James Comey’s book, A Higher Loyalty, will be released on Tuesday. Republicans are so worried about the potential fallout that they have developed an entire campaign to discredit the former FBI director. The plan revolves around three core arguments:
1) “Comey has a long history of misstatements and misconduct,” including damage caused to the FBI because of “bizarre decisions, contradictory statements and acting against Department of Justice and FBI protocol.”
2) “Attempts to smear the Trump administration are nothing more than retaliation by a disgraced former official.”
3) “Comey isn’t credible – just ask Democrats.” The digital ads will show several Democrats calling for Comey’s resignation after he injected himself into the 2016 presidential race, including House Democratic leader Nancy Pelosi, Senate Democratic leader Chuck Schumer and Rep. Maxine Waters (D-Calif.), who is shown saying: “All I can tell you is the FBI Director has no credibility.”
In addition to talking points and digital media ads, the RNC has set up a website called “Lyin’ Comey.”
When it comes to the “just ask Democrats” part of this campaign, the quotes all stem from Comey’s handling of the Clinton email investigation. Here’s Greg Sargent’s take on that.
Republicans will muddy the waters further around this by pointing out that Democrats criticized that Comey conduct then, and by arguing that they are merely making the same argument now that Democrats did…
Republicans are not simply offering an argument that is the partisan inverse of the Democratic argument.
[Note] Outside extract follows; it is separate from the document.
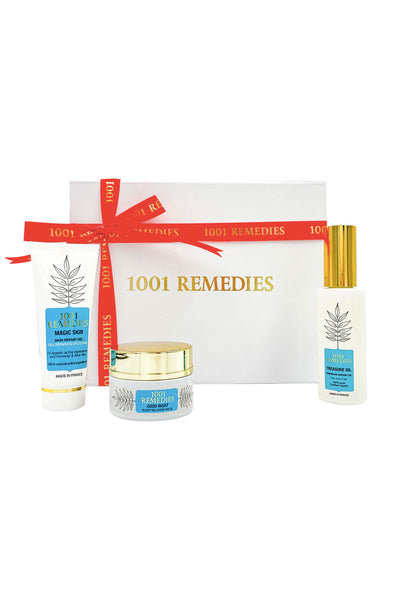 1001 Remedies Mum Gift Set - Acne Spot Cream, Sleep Sid & Argan Oil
If they were doing that, they’d say something like, “Comey was right when he criticized Clinton, but he’s wrong about Trump.” But they are saying something different, something like this: “Even though we cited Comey’s criticism of Clinton at the time, we’re now saying he was wrong to offer it, which proves his criticism of Trump is not to be believed.”
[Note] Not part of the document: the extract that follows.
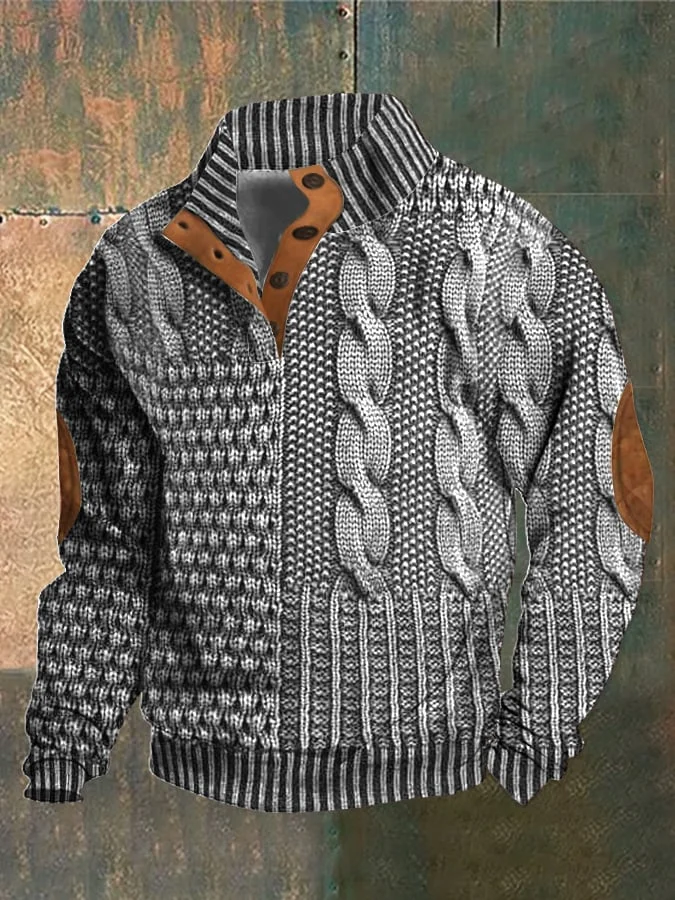 Maglia dolcevita da uomo in cashmere retrò con collo alto - Stile e Comfort Firmati Albert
This is just the old Republican fog machine at work.
Beyond muddying the waters, Republicans are also not above stretching the truth to the point of oblivion. For example, on the Lyin’ Comey website, there is a section called “check the facts.” One of the items involves a statement Comey made “under oath that he never posed as an anonymous source to leak information to the press.” That is true, Comey said it as part of his testimony to the Senate Judiciary Committee on May 3, 2017. When asked by Sen. Grassley if he had ever been an anonymous source in news reports in matters related to the Trump investigation, Comey’s response was, “Never.”
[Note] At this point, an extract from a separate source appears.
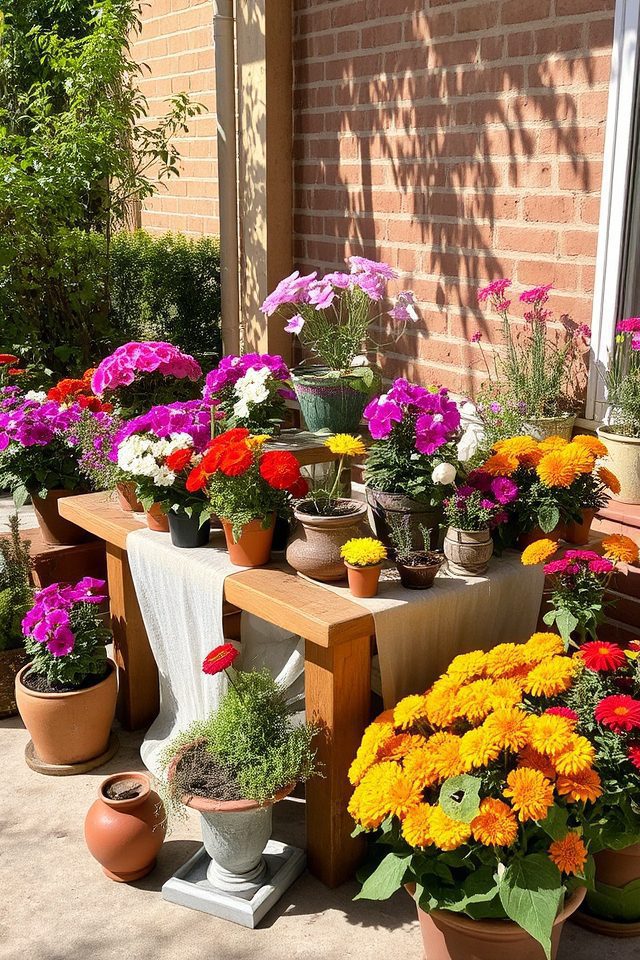 vibrant container gardening annuals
The supposed fact check says, “Comey later testified that he ‘asked a friend of [his] to share the content of the memo with a reporter’ in order to put political pressure on President Trump.” Notice the “later” in that sentence. Here’s the timeline of how things went down:
May 3, 2017 Comey testifies before the Senate Judiciary Committee
May 9, 2017 Trump fires Comey
May 16, 2017 NYT reports that, according to Comey associates, the former FBI director had a written memo about a meeting with the president in which he was asked to drop the Michael Flynn investigation
As the quote from the fact check indicates, Comey was very forthcoming about the fact that he asked his associates to share the information in the NYT report—after he was fired. In no way does that discredit what he said on May 3rd.
Of course, as Sargent said, none of this is actually about getting the facts straight. It is, as he wrote, “the old Republican fog machine” at work attempting to muddy the waters. Anything that will confuse the public and/or diminish the impact of what Comey has written will suffice.
What we can learn from all of this is that the Republican Party, with blessing from the White House, has crafted an entire strategy to discount the contents of a book by the former FBI director a week before its even been published. Do you suppose they are more than just a little bit worried about what James Comey has to say?